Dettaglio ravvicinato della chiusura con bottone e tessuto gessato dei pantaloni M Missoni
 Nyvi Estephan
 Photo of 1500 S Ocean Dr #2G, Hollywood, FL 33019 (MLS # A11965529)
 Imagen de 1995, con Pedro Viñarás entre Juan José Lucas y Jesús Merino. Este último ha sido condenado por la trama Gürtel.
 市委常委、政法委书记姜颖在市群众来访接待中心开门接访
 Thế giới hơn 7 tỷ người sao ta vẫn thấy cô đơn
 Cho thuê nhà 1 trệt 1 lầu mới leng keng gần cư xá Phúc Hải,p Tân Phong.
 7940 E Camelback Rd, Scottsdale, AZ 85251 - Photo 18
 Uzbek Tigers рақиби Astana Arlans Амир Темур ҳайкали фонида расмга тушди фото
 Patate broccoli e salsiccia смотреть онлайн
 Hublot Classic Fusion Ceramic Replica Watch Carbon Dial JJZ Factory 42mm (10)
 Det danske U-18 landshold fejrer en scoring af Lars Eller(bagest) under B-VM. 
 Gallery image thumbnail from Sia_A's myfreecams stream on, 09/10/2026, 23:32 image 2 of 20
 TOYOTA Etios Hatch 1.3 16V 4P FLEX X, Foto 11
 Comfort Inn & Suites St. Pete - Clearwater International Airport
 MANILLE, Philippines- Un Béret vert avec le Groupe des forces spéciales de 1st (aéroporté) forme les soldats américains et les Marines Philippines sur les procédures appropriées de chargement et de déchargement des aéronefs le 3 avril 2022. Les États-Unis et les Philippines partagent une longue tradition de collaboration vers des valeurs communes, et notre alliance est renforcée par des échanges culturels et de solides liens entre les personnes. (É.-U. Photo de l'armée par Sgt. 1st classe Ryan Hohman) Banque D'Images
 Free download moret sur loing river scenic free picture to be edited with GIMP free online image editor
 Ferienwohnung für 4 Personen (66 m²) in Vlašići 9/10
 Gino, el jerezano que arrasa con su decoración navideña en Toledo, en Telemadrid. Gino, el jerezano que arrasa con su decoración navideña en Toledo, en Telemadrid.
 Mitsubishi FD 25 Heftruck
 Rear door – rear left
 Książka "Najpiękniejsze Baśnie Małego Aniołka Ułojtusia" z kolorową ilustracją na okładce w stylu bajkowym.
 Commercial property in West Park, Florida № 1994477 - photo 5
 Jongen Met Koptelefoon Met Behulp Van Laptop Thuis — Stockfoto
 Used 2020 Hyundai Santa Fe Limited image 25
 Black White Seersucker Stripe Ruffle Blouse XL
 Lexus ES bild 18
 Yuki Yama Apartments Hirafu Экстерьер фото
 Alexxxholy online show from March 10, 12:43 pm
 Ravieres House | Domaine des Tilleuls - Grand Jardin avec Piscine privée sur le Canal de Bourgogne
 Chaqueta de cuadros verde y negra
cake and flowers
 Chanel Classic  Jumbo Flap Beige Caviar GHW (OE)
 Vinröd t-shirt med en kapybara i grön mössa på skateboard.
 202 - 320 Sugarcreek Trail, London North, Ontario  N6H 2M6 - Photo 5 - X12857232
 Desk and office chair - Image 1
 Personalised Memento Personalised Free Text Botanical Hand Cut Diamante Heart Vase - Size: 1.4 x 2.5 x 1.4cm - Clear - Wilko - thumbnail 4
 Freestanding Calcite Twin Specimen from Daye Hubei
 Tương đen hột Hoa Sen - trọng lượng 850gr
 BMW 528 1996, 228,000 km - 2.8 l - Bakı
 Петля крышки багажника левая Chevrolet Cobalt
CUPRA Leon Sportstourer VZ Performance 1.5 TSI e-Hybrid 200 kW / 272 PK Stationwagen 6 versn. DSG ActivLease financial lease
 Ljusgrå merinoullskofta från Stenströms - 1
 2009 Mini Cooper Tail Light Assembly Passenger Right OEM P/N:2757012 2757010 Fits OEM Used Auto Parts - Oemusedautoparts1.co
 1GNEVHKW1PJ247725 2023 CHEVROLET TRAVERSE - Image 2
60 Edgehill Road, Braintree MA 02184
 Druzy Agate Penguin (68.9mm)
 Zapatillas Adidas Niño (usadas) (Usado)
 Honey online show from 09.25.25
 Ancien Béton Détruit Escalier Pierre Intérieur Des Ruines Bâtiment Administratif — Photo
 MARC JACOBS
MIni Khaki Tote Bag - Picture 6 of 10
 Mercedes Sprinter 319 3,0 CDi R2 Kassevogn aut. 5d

........

To do: Output the data in full, please, exactly as written.

Your response:
Dettaglio ravvicinato della chiusura con bottone e tessuto gessato dei pantaloni M Missoni
 Nyvi Estephan
 Photo of 1500 S Ocean Dr #2G, Hollywood, FL 33019 (MLS # A11965529)
 Imagen de 1995, con Pedro Viñarás entre Juan José Lucas y Jesús Merino. Este último ha sido condenado por la trama Gürtel.
 市委常委、政法委书记姜颖在市群众来访接待中心开门接访
 Thế giới hơn 7 tỷ người sao ta vẫn thấy cô đơn
 Cho thuê nhà 1 trệt 1 lầu mới leng keng gần cư xá Phúc Hải,p Tân Phong.
 7940 E Camelback Rd, Scottsdale, AZ 85251 - Photo 18
 Uzbek Tigers рақиби Astana Arlans Амир Темур ҳайкали фонида расмга тушди фото
 Patate broccoli e salsiccia смотреть онлайн
 Hublot Classic Fusion Ceramic Replica Watch Carbon Dial JJZ Factory 42mm (10)
 Det danske U-18 landshold fejrer en scoring af Lars Eller(bagest) under B-VM. 
 Gallery image thumbnail from Sia_A's myfreecams stream on, 09/10/2026, 23:32 image 2 of 20
 TOYOTA Etios Hatch 1.3 16V 4P FLEX X, Foto 11
 Comfort Inn & Suites St. Pete - Clearwater International Airport
 MANILLE, Philippines- Un Béret vert avec le Groupe des forces spéciales de 1st (aéroporté) forme les soldats américains et les Marines Philippines sur les procédures appropriées de chargement et de déchargement des aéronefs le 3 avril 2022. Les États-Unis et les Philippines partagent une longue tradition de collaboration vers des valeurs communes, et notre alliance est renforcée par des échanges culturels et de solides liens entre les personnes. (É.-U. Photo de l'armée par Sgt. 1st classe Ryan Hohman) Banque D'Images
 Free download moret sur loing river scenic free picture to be edited with GIMP free online image editor
 Ferienwohnung für 4 Personen (66 m²) in Vlašići 9/10
 Gino, el jerezano que arrasa con su decoración navideña en Toledo, en Telemadrid. Gino, el jerezano que arrasa con su decoración navideña en Toledo, en Telemadrid.
 Mitsubishi FD 25 Heftruck
 Rear door – rear left
 Książka "Najpiękniejsze Baśnie Małego Aniołka Ułojtusia" z kolorową ilustracją na okładce w stylu bajkowym.
 Commercial property in West Park, Florida № 1994477 - photo 5
 Jongen Met Koptelefoon Met Behulp Van Laptop Thuis — Stockfoto
 Used 2020 Hyundai Santa Fe Limited image 25
 Black White Seersucker Stripe Ruffle Blouse XL
 Lexus ES bild 18
 Yuki Yama Apartments Hirafu Экстерьер фото
 Alexxxholy online show from March 10, 12:43 pm
 Ravieres House | Domaine des Tilleuls - Grand Jardin avec Piscine privée sur le Canal de Bourgogne
 Chaqueta de cuadros verde y negra
cake and flowers
 Chanel Classic  Jumbo Flap Beige Caviar GHW (OE)
 Vinröd t-shirt med en kapybara i grön mössa på skateboard.
 202 - 320 Sugarcreek Trail, London North, Ontario  N6H 2M6 - Photo 5 - X12857232
 Desk and office chair - Image 1
 Personalised Memento Personalised Free Text Botanical Hand Cut Diamante Heart Vase - Size: 1.4 x 2.5 x 1.4cm - Clear - Wilko - thumbnail 4
 Freestanding Calcite Twin Specimen from Daye Hubei
 Tương đen hột Hoa Sen - trọng lượng 850gr
 BMW 528 1996, 228,000 km - 2.8 l - Bakı
 Петля крышки багажника левая Chevrolet Cobalt
CUPRA Leon Sportstourer VZ Performance 1.5 TSI e-Hybrid 200 kW / 272 PK Stationwagen 6 versn. DSG ActivLease financial lease
 Ljusgrå merinoullskofta från Stenströms - 1
 2009 Mini Cooper Tail Light Assembly Passenger Right OEM P/N:2757012 2757010 Fits OEM Used Auto Parts - Oemusedautoparts1.co
 1GNEVHKW1PJ247725 2023 CHEVROLET TRAVERSE - Image 2
60 Edgehill Road, Braintree MA 02184
 Druzy Agate Penguin (68.9mm)
 Zapatillas Adidas Niño (usadas) (Usado)
 Honey online show from 09.25.25
 Ancien Béton Détruit Escalier Pierre Intérieur Des Ruines Bâtiment Administratif — Photo
 MARC JACOBS
MIni Khaki Tote Bag - Picture 6 of 10
 Mercedes Sprinter 319 3,0 CDi R2 Kassevogn aut. 5d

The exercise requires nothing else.